Literary genius George Saunders first-ever novel does not disappoint. Set a year into the Civil War, it begins with the death of President Lincoln’s beloved son, who winds up in a bizarre purgatory (the Tibetan bardo) populated with specific, yet universally recognizable ghosts. It is strange and hilarious and sad, full of poignant lessons on community, what it means to be a good citizen, the significance of life and death—and, really, it’s a form and narrative altogether different from the novel. The beginning of Lincoln in the Bardo can be disorienting, as you try to wrap your mind around the various voices and texts (real? fake?) that turn up in Saunders’s take on oral history—but just keep going; you don’t have to get it right away (or all of it, ever), and it’s well worth the ride. (Audio people: Check out the audiobook, which has a 150-plus person cast, including the author, Nick Offerman, David Sedaris, Lena Dunham.)

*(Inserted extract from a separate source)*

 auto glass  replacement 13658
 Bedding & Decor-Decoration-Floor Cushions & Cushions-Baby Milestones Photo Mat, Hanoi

If there is one book everyone should read ASAP, it is Mohsin Hamid’s Exit West (out March 7, add to cart now). Short, unsentimental, deeply intimate, and so very powerful, it opens in an unknown country that tips into a civil war, destroying the city where a man and woman have begun to fall in love. Here’s the twist: Doors are discovered inside random homes and buildings that have the potential to transport refugees (and others) to cities and countries around the globe. What unfolds is a thought-provoking tale, of the way place and circumstance can change a relationship, that also has the ability to change the way we think about our migratory world.
Admittedly, we’d read (and likely love) anything by Will Schwalbe, whose last book was the bestselling memoir, The End of Your Life Book Club, about his relationship with his mother. Now, he’s written a pleasantly meandering cross between memoir and narrative that is also another kind of love letter to books—with each chapter focusing on a book that helped him better understand a pivotal moment in time/life.
Carefully and coldly told with a gorgeous economy of words, this tells the story of a woman who follows her estranged husband to Greece—at the behest of his mother. This is a quick, though not particularly easy read that stays with you after the last page is turned.
This debut novel—from a rising writer, who is also an editor of some of Random House’s best fiction—chronicles a couple’s flawed journey to carve their separate paths in NYC post college. The Futures is so acutely drawn—we were transported back to our younger selves and that universal feeling of trying to make sense of an uncertain future ahead.
Recently released Idaho, set in a beautiful, haunting landscape in the north of the state is inarguably exquisitely written—but it’s not going to be for everyone. The premise at its heart—the most horrific family tragedy—makes for a gut-wrenching read. If you can stomach it, though, you’ll be blown away by the dignity and truth that Ruskovich unearths in the least expected of places.
Playwright and filmmaker, Kathleen Collins, who passed away in 1988, has begun to receive the acclaim and celebration she so deserves. Pulled from her unpublished work—Collins was also a writer—the sixteen stories in Whatever Happened to Interracial Love serve to share a poignant perspective on the social and political issues that the world still grapples with today.
One of the most exciting books of the last few months, The Mothers takes on a difficult subject (abortion) in a way that perfectly illuminates its incipient agonies.